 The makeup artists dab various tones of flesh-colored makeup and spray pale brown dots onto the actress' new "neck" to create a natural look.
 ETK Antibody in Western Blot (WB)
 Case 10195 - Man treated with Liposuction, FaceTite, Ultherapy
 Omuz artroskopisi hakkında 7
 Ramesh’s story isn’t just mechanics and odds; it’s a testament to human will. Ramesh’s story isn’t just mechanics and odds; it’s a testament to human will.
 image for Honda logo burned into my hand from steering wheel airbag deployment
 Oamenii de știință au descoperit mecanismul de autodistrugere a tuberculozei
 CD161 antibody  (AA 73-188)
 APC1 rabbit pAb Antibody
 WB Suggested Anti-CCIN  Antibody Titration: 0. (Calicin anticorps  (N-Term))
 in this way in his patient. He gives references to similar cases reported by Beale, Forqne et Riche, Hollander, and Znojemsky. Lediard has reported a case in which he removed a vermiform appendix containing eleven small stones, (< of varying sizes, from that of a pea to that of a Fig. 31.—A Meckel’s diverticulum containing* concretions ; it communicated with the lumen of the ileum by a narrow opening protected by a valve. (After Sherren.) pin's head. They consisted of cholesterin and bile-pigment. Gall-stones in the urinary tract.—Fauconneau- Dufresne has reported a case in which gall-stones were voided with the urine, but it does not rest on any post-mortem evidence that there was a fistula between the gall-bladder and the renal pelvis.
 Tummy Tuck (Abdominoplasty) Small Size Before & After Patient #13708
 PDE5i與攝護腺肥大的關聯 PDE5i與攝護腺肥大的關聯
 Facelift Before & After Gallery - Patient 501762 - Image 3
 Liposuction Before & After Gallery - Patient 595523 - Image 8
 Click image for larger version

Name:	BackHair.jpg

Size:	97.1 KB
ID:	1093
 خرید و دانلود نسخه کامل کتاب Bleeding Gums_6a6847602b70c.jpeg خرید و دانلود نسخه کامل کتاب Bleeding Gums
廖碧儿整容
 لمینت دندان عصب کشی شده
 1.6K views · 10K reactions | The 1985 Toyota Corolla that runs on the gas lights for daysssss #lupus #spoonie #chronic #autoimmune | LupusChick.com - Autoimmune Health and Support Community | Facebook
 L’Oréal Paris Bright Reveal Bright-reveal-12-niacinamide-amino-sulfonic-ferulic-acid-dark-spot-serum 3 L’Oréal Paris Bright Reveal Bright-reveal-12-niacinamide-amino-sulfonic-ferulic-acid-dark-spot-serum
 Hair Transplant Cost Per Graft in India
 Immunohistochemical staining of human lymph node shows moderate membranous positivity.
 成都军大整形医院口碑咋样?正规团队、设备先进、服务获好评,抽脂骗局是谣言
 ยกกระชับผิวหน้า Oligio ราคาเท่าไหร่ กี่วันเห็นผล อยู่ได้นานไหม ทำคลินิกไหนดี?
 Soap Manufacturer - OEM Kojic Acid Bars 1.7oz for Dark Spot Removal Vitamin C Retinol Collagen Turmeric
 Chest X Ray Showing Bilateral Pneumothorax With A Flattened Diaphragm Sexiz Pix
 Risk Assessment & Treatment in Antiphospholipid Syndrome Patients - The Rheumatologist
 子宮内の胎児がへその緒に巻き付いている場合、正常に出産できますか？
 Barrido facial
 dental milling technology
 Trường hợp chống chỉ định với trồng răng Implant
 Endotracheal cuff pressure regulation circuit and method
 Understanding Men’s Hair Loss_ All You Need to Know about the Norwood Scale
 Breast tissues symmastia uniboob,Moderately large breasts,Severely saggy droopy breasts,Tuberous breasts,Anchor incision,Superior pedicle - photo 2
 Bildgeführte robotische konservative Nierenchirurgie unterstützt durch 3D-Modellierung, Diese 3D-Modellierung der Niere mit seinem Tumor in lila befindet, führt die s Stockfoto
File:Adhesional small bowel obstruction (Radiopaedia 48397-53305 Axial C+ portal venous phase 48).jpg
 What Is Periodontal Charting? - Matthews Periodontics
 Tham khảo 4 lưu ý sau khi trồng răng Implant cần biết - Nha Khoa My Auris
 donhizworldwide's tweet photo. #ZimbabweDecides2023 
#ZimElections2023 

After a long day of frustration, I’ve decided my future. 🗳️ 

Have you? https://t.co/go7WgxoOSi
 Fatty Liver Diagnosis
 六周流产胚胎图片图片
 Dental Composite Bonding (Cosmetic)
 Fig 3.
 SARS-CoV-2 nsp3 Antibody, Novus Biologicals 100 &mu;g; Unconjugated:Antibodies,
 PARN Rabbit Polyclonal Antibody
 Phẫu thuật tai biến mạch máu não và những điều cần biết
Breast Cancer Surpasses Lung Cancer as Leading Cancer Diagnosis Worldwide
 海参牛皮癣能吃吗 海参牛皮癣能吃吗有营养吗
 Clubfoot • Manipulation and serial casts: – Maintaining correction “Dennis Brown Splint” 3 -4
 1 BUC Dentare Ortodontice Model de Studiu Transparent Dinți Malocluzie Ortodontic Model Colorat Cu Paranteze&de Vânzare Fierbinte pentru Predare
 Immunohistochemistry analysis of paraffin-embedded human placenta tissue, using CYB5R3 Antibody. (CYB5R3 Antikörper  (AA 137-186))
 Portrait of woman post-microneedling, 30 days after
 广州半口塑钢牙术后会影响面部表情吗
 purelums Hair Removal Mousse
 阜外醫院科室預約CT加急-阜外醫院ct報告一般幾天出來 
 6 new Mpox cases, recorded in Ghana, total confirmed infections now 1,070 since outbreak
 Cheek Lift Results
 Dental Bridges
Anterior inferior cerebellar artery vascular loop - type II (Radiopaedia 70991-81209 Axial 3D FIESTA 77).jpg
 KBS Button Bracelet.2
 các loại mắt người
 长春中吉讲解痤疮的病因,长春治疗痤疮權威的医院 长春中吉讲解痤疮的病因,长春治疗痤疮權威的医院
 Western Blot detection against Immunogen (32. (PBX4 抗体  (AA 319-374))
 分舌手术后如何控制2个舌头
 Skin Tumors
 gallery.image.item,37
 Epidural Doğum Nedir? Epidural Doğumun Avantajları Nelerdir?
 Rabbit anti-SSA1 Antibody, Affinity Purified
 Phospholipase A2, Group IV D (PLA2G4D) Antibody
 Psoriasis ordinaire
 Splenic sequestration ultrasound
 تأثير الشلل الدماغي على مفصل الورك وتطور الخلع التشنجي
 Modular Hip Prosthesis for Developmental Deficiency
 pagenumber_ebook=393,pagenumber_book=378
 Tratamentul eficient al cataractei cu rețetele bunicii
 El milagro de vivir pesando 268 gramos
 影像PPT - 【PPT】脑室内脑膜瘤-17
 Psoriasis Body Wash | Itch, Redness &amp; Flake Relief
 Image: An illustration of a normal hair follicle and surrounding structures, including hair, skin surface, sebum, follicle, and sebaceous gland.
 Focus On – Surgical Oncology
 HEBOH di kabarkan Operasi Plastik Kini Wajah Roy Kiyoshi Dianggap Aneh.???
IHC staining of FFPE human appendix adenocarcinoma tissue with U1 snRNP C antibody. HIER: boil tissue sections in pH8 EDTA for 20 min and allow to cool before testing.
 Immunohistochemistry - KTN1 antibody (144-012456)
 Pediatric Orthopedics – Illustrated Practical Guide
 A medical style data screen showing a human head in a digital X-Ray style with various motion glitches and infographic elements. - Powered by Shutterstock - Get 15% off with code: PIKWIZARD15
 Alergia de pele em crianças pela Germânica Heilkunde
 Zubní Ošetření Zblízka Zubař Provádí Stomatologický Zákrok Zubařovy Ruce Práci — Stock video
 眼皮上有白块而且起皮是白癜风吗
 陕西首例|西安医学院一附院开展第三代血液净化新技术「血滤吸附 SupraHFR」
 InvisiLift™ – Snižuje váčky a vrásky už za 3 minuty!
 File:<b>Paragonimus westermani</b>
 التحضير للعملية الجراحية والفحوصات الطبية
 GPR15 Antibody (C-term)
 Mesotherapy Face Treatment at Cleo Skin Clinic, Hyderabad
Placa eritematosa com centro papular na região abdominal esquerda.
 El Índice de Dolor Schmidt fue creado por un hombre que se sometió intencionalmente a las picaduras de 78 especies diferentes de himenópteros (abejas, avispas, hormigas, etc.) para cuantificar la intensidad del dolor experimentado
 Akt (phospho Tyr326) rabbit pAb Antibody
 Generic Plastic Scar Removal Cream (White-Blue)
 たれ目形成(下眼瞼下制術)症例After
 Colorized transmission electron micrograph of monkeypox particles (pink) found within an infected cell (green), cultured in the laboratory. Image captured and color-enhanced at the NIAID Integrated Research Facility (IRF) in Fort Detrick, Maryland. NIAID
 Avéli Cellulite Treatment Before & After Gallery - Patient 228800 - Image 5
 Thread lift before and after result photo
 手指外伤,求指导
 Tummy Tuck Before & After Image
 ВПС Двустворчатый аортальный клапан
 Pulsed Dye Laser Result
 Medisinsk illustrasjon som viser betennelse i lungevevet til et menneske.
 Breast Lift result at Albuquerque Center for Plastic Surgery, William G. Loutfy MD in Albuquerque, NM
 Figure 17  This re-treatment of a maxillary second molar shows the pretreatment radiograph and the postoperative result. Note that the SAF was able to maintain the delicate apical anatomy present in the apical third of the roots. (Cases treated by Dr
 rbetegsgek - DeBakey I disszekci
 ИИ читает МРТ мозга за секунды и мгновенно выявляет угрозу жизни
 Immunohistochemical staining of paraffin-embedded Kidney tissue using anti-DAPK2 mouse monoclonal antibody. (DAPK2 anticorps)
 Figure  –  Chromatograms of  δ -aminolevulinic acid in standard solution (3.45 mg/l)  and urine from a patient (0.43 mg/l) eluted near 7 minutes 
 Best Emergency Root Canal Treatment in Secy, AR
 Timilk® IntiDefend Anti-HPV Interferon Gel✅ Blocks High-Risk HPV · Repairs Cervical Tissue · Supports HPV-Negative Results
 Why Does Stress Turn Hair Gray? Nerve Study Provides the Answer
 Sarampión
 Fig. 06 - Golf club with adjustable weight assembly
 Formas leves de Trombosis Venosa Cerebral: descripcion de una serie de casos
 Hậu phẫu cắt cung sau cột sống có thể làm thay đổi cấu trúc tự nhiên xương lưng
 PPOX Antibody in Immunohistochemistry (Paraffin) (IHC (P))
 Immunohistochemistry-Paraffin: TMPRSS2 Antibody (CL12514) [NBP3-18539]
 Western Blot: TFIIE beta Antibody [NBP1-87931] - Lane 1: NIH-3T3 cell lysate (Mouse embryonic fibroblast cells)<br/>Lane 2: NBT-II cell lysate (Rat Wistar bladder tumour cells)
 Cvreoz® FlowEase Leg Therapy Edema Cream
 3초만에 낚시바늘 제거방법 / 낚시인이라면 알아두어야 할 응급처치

# # # # #

Task item | Repeat exactly the lines of the listing above, from the one with "Omuz artroskopisi hakkında 7" down to the one with "WB Suggested Anti-CCIN"; both of those lines belong in the range.

Response |
 Omuz artroskopisi hakkında 7
 Ramesh’s story isn’t just mechanics and odds; it’s a testament to human will. Ramesh’s story isn’t just mechanics and odds; it’s a testament to human will.
 image for Honda logo burned into my hand from steering wheel airbag deployment
 Oamenii de știință au descoperit mecanismul de autodistrugere a tuberculozei
 CD161 antibody  (AA 73-188)
 APC1 rabbit pAb Antibody
 WB Suggested Anti-CCIN  Antibody Titration: 0. (Calicin anticorps  (N-Term))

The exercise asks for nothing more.